Data extracted from a collection:
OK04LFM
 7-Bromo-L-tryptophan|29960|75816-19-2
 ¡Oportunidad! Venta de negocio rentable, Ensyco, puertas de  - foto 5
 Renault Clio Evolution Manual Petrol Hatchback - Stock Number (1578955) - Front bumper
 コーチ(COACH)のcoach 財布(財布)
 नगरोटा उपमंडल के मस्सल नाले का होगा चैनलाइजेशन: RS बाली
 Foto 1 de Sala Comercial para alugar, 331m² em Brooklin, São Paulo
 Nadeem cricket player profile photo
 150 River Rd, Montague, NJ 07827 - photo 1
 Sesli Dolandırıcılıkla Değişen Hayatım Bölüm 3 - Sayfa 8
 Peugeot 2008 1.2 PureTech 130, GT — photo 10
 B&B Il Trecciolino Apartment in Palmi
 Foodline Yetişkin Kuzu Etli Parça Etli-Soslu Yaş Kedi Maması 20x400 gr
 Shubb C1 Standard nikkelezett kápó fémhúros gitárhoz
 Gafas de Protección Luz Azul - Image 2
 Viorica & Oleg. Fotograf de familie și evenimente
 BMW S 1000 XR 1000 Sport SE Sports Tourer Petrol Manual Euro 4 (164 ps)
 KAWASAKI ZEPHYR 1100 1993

» About this task: What's needed is an exact copy of every entry.

» Answer to this problem:
OK04LFM
 7-Bromo-L-tryptophan|29960|75816-19-2
 ¡Oportunidad! Venta de negocio rentable, Ensyco, puertas de  - foto 5
 Renault Clio Evolution Manual Petrol Hatchback - Stock Number (1578955) - Front bumper
 コーチ(COACH)のcoach 財布(財布)
 नगरोटा उपमंडल के मस्सल नाले का होगा चैनलाइजेशन: RS बाली
 Foto 1 de Sala Comercial para alugar, 331m² em Brooklin, São Paulo
 Nadeem cricket player profile photo
 150 River Rd, Montague, NJ 07827 - photo 1
 Sesli Dolandırıcılıkla Değişen Hayatım Bölüm 3 - Sayfa 8
 Peugeot 2008 1.2 PureTech 130, GT — photo 10
 B&B Il Trecciolino Apartment in Palmi
 Foodline Yetişkin Kuzu Etli Parça Etli-Soslu Yaş Kedi Maması 20x400 gr
 Shubb C1 Standard nikkelezett kápó fémhúros gitárhoz
 Gafas de Protección Luz Azul - Image 2
 Viorica & Oleg. Fotograf de familie și evenimente
 BMW S 1000 XR 1000 Sport SE Sports Tourer Petrol Manual Euro 4 (164 ps)
 KAWASAKI ZEPHYR 1100 1993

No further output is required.